## DATASET EXTRACT

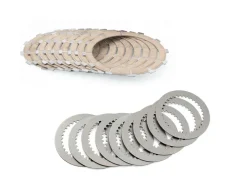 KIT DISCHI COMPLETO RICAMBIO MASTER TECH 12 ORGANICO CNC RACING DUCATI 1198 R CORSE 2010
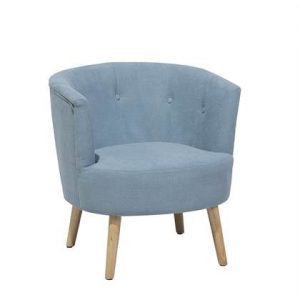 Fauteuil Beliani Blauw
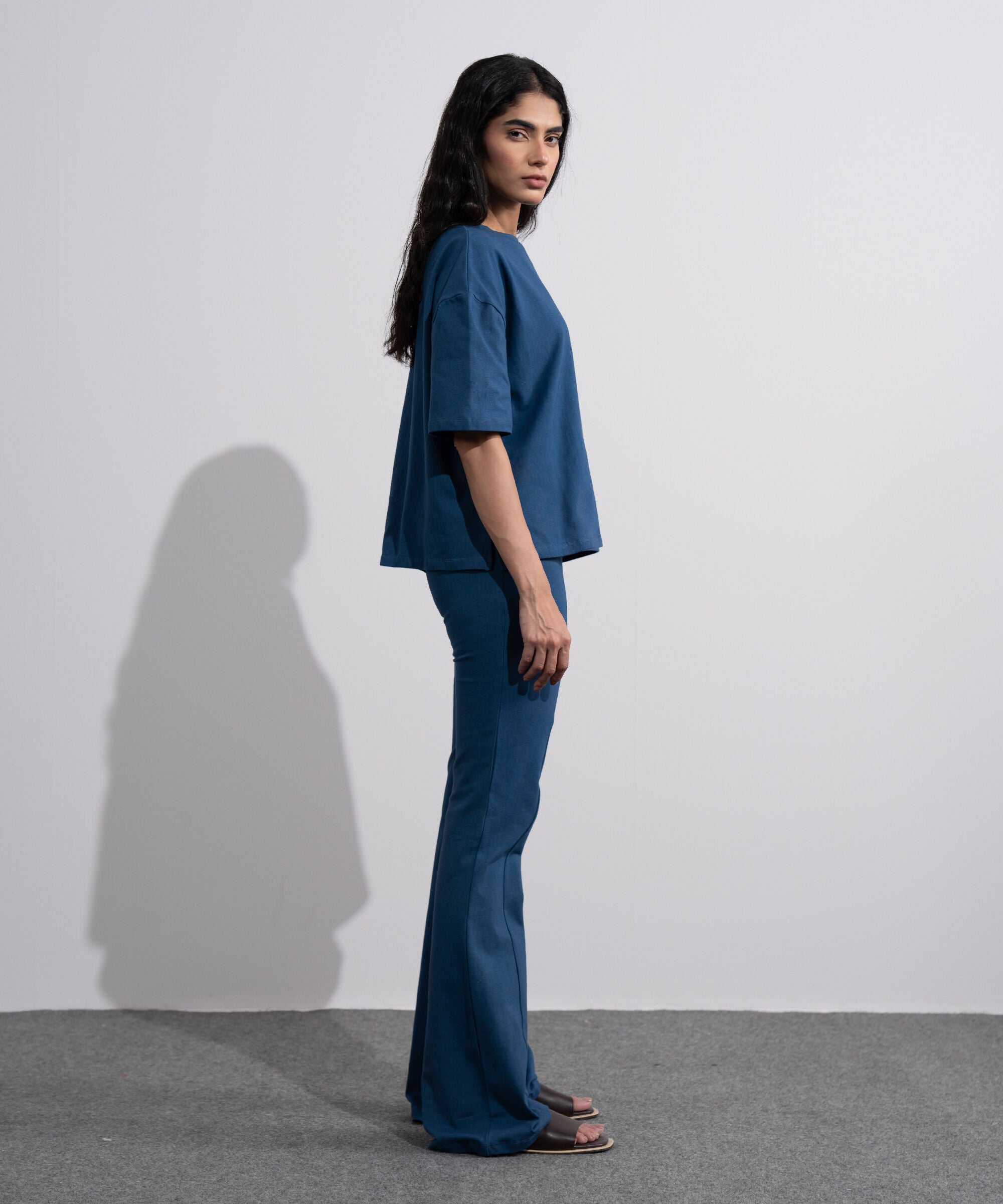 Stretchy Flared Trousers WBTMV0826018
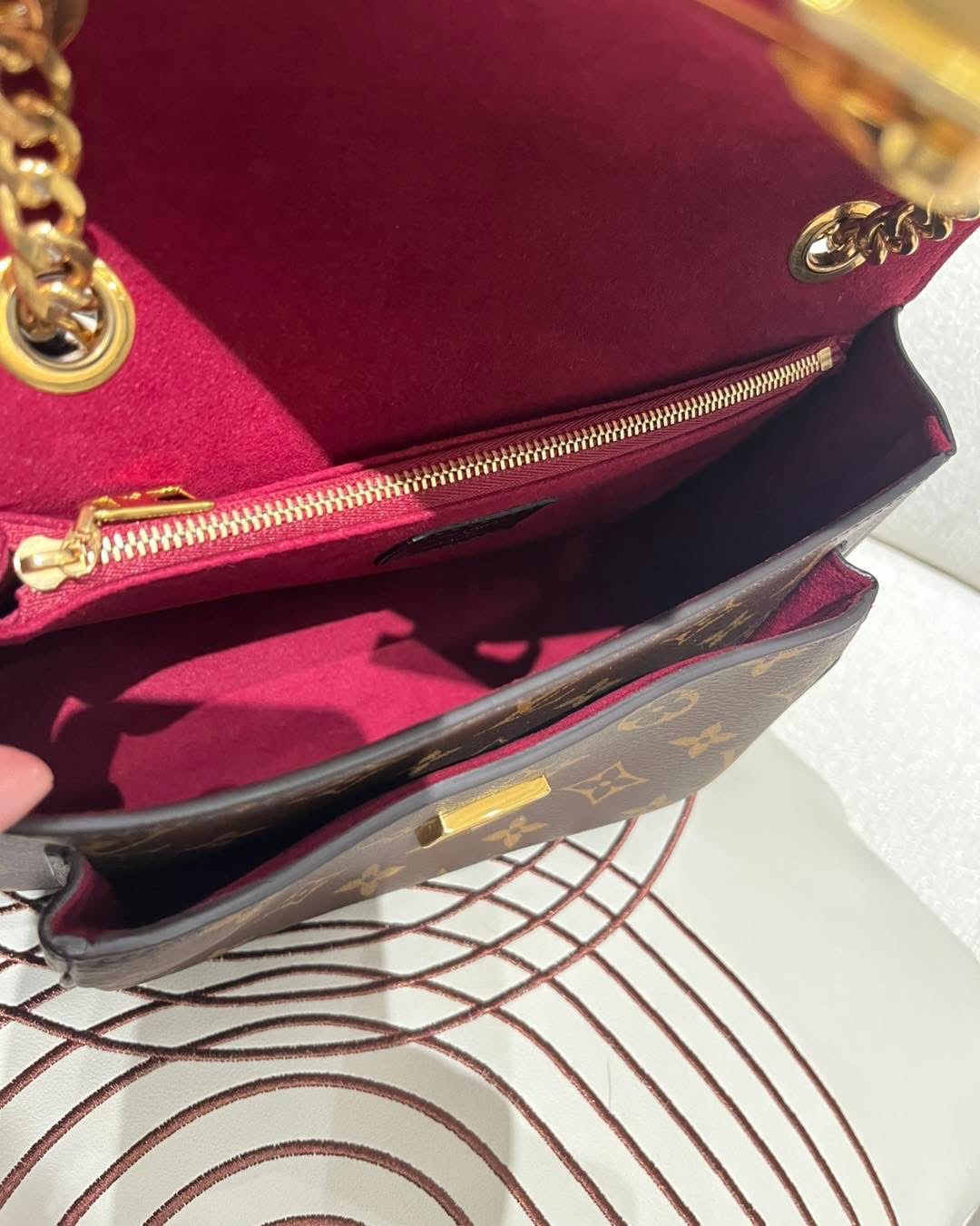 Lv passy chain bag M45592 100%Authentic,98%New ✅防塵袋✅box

## REQUIRED WORK
Return the material word for word, images omitted.

## SOLVED PROBLEM
 KIT DISCHI COMPLETO RICAMBIO MASTER TECH 12 ORGANICO CNC RACING DUCATI 1198 R CORSE 2010
 Fauteuil Beliani Blauw
 Stretchy Flared Trousers WBTMV0826018
 Lv passy chain bag M45592 100%Authentic,98%New ✅防塵袋✅box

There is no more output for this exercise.